I always get angry when I see an advert for a documentary-type show with “monsters” in the title, but when I tune in, it’s just about alligators or something. They’re trying to attach my sense of uncanny to something I am extremely familiar with. It won’t work. Gators haven’t given me that “What is thiiiiiis?!” feeling since I had a rubber alligator for the tub, age 2. If I see “monster”, I want it to be as Other as possible. (And don’t talk to me about Komodo “dragons”. They barely kill anyone.)
These books below are about real monsters. You can decide for yourself whether they are extant or not. Maybe they are. Maybe they were. There are more things in heaven and earth, right? In order to make this post more applicable for you, dear reader, I’m offering suggestions from each book as to which monsters would make the best pets. Studies show that owning a pet will increase both your lifespan and your quality of life, even if the pet will eat your face or steal your soul. Don’t skip the reading, though. The trick with exotic pets is to know what you’re getting into.
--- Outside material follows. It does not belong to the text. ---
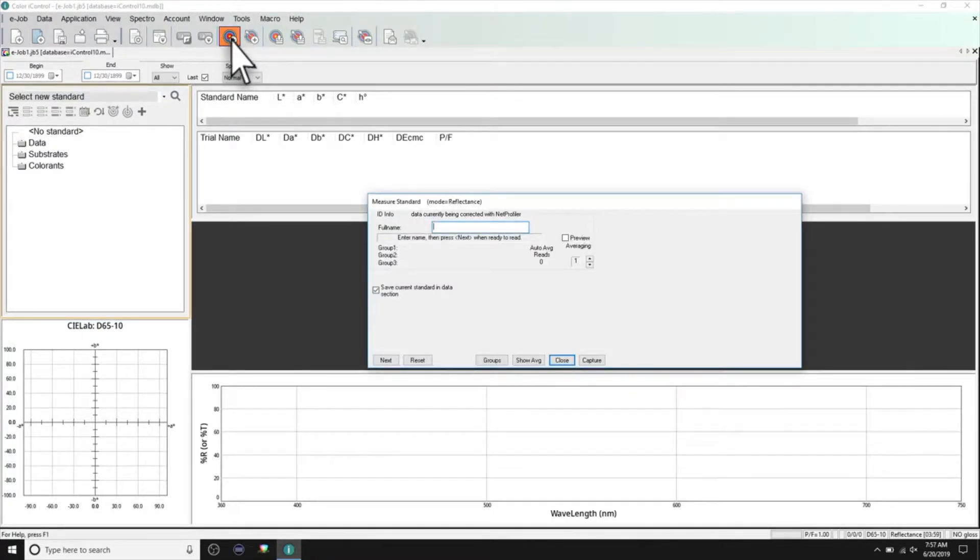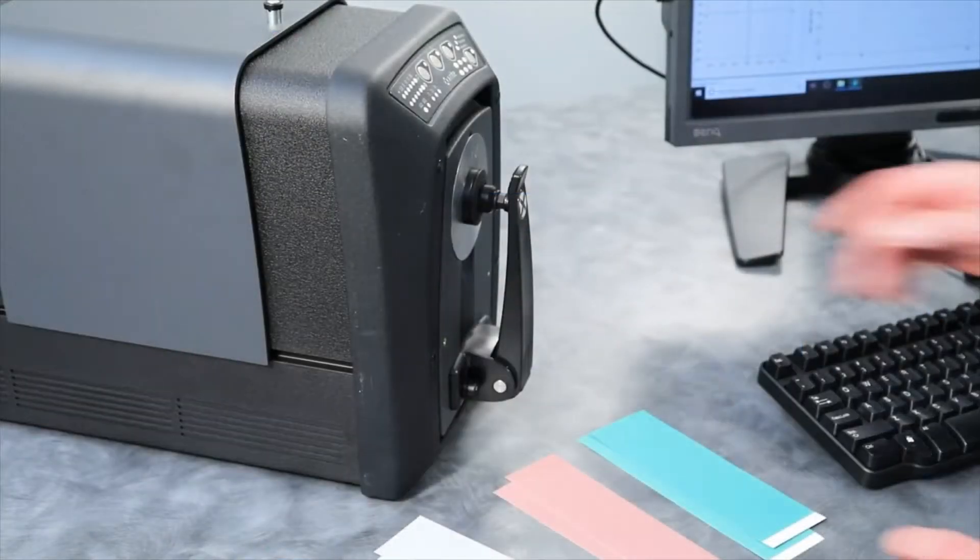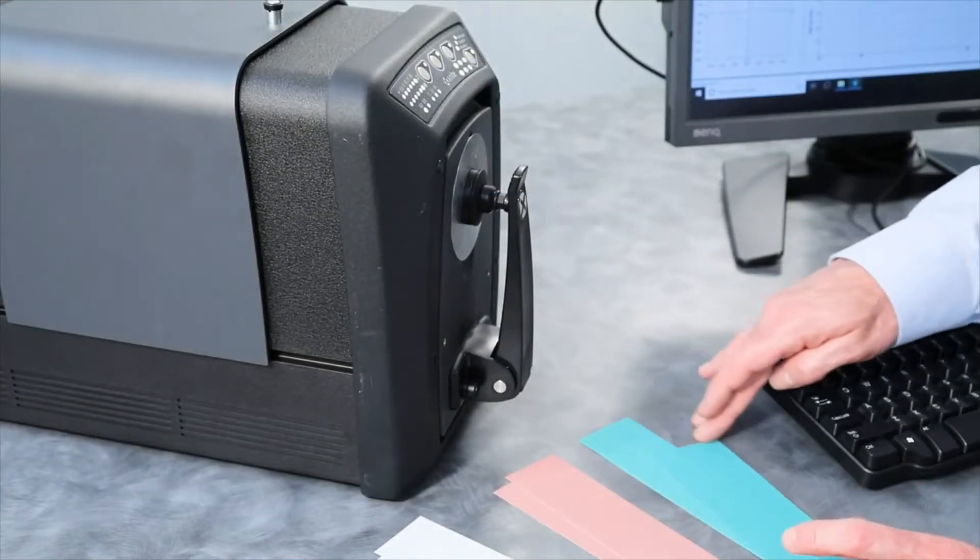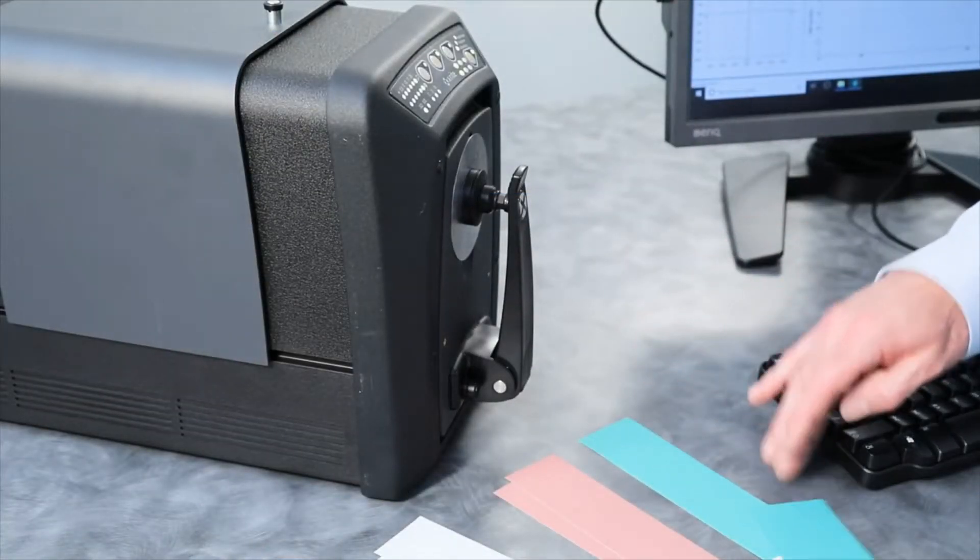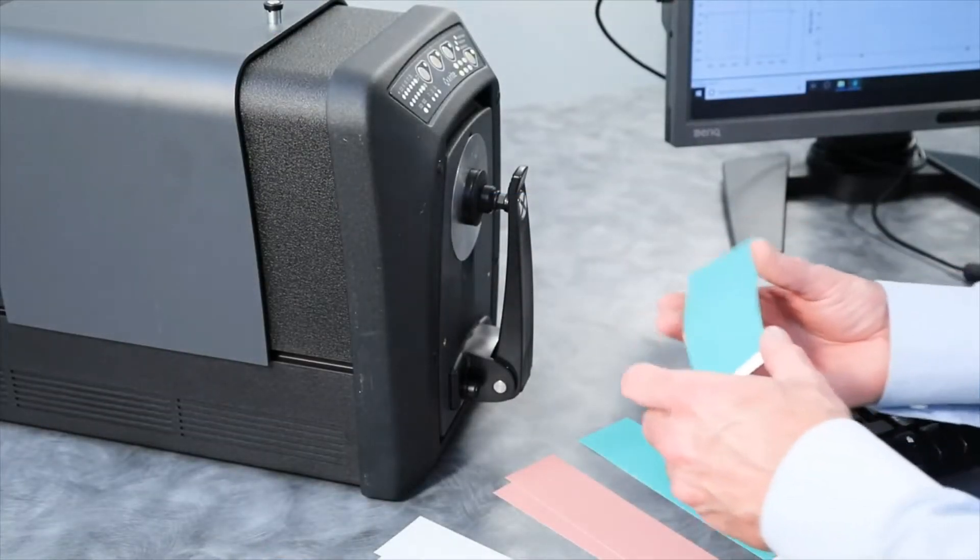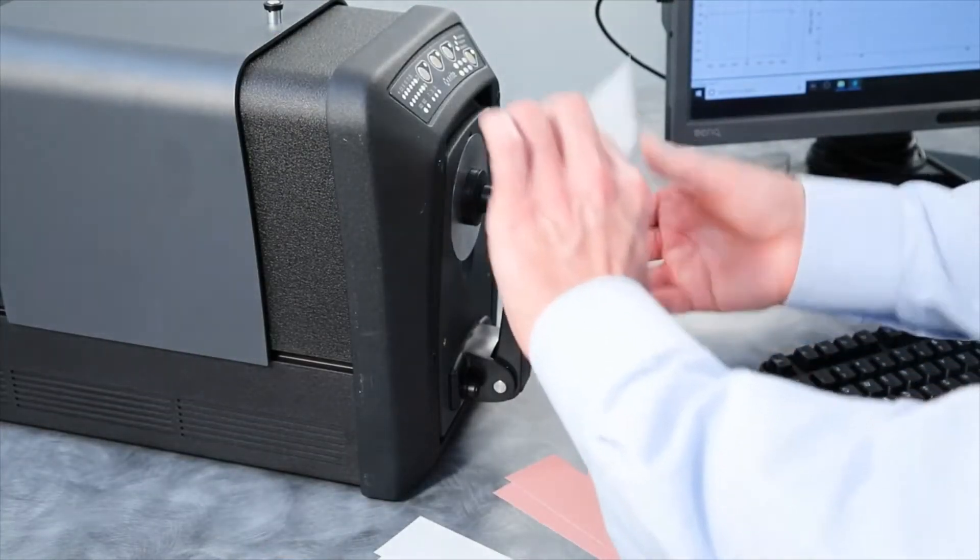Give it a name. Next, position the sample you'll be measuring between the viewport and the sample holder.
Monsters – John Michael Greer is a warlock. (Some might say “druid” – fine – just sounds too New Agey, Spinal Tap-y to me. Warlock is like, black wings and a sword and crazy hair. Though he just looks like a folk singer in all the pix I’ve seen. I digress.) In this very interesting, very straight-faced TOME (I can use that kinda stilted lingo when the book is written by a – pardon my anglo-saxon – FUCKING WARLOCK, man), he shuffles a few of our conventional ideas around. Vampires are real, but they don’t use (or have) teeth. Lake monsters exist, but they’re kinda magic/spiritual. He explains different planes of existence: astral, ethereal are the ones with all the invisible critters that hide your keys. There’s a section on investigating monsters, including a protection spell. Of course, no way I’m messing with spells – ever. Just don’t. As the late, great Terry Pratchett taught us, “Any wizard bright enough to survive for five minutes was also bright enough to realise that if there was any power in demonology, then it lay with the demons. Using it for your own purposes would be like trying to beat mice to death with a rattlesnake.” Caveat emptor.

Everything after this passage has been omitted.